L’esito delle elezioni europee si offre ad una duplice chiave di lettura, Se sul piano strettamente politico è innegabile una netta torsione dell’elettorato verso posizione autoritarie, come dimostrato dalla affermazione dei partiti di estrema destra in Francia e Germania, sul piano sociologico non può che registrarsi l’assenza di un sentire europeo diffuso e la condivisione di un destino comune: da un’analisi complessiva del voto, infatti, sembra che non vi sia nulla che unisca la “gens europea” e le scelte dei cittadini appaiono orientate dal conformismo antieuropeista che invoca chiusura e ordine.
Forse proprio dall’Italia, al netto del rilevante astensionismo, il corpo elettorale ha voluto inviare un’indicazione precisa, non si sa quanto consapevole, che vede il configurarsi di un nuovo bipolarismo affidato alla forza comunicativa e al linguaggio diretto della Meloni e della Schlein.

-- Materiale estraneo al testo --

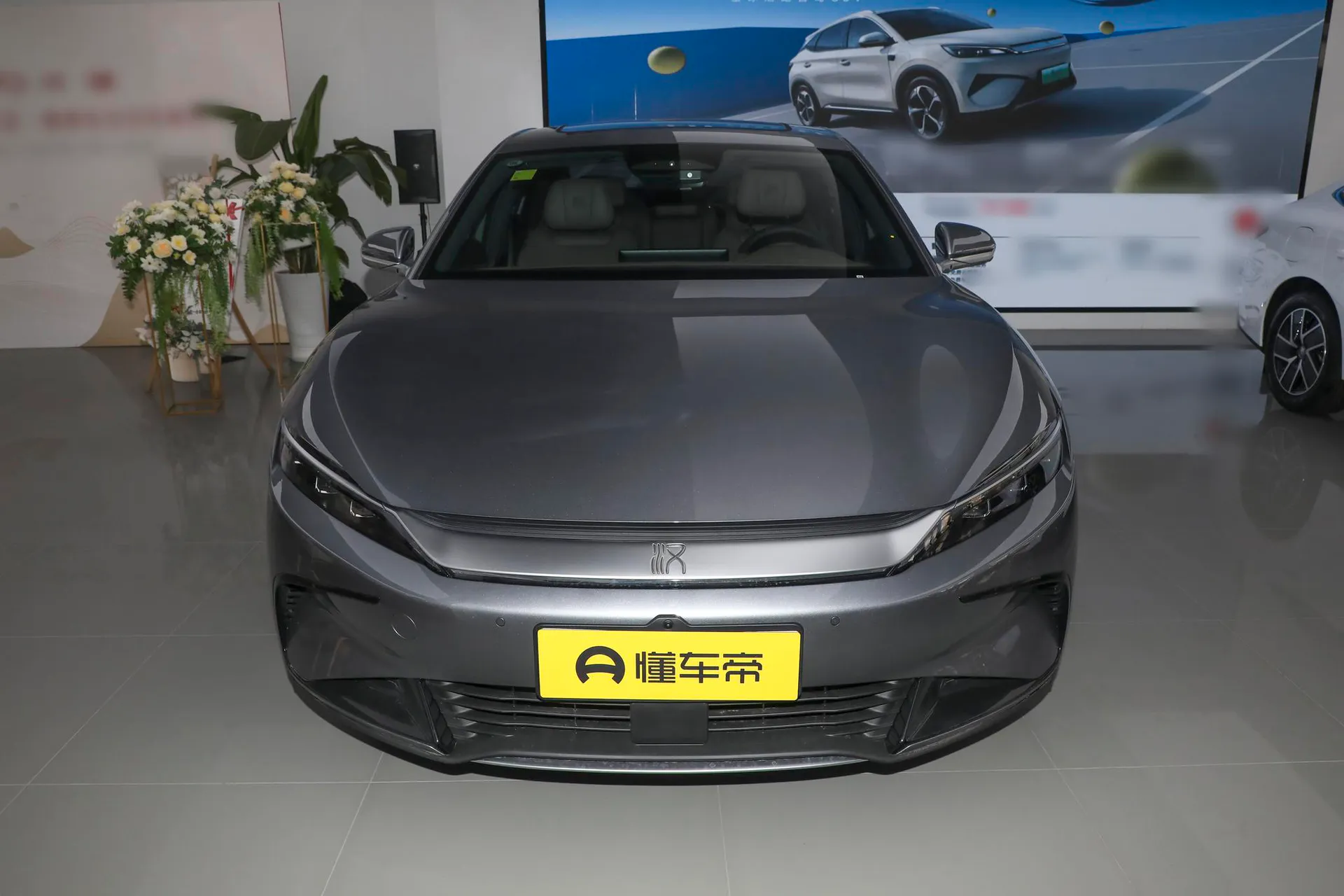  Han EV Smart Driving 506 KM Premium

Nel Meridione il voto ha rafforzato la proposta politica delle forze progressiste e di certo hanno pesato le indicazioni drastiche del governo sui diritti sociali e sull’autonomia differenziata. Nessuno, pertanto, dovrebbe rivendicare meriti se non i singoli candidati che hanno conquistato il consenso.
Questo nuovo bipolarismo sembra avere anche una rappresentazione territoriale, piuttosto delineata, con il centro nord che esprime una linea marcatamente filo governativa.
Il quadro generale europeo riporta, alla fine, una sostanziale tenuta delle forze democratiche europeiste, ma la forte presenza delle formazioni sovraniste è ormai un dato acclarato che richiede una risposta forte e concreta sul piano delle riforme che la prossima Commissione dovrà adottare; urge cioè un cambio radicale di rotta che dovrà tenere conto non solo delle difficoltà interne, rappresentate dalle correnti d’opinione avverse al percorso dell’integrazione, ma anche ai cambiamenti degli scenari internazionali che, ad oggi, vedono l’Unione Europea come una sorta di vaso di coccio tra i giganti (Stati Uniti, Cina e Russia) che si contendono il timone del nuovo ordine mondiale.
C’è un altro aspetto che è stato evidenziato dagli osservatori delle maggiori testate giornalistiche americane e riportato da Federico Rampini su “la Repubblica”, ovvero il ridimensionamento del tema cruciale dello sviluppo sostenibile e delle politiche ambientali: a tal riguardo ha destato clamore la batosta elettorale dei “Grunen” tedeschi, il partito simbolo delle battaglie verdi in Europa.
Oggi il “modernismo“, a tutti i costi, delle politiche di riconversione energetiche viene visto come una minaccia ai settori produttivi tradizionali e ai posti di lavoro nella grande industria e nell’agricoltura, con la spada di Damocle della concorrenza cinese, libera da prescrizioni, che pende sul manifatturiero europeo.
L’identità europea, intesa come orizzonte, è in una fase se non di riflusso, sicuramente di stagnazione e, per usare un’espressione adesso in voga in Italia nella narrazione politica, il cittadino europeo medio non vede arrivare nulla di positivo dalla transizione che dovrebbe portare il Vecchio Continente al cospetto del futuro.
Difficile dire se gli elettori europei abbiano fatto una scelta meditata e analitica nelle urne, o piuttosto abbiano scelto di non scegliere, delegando il tutto a quella tecnocrazia europea che si alimenta di astensionismo e qualunquismo.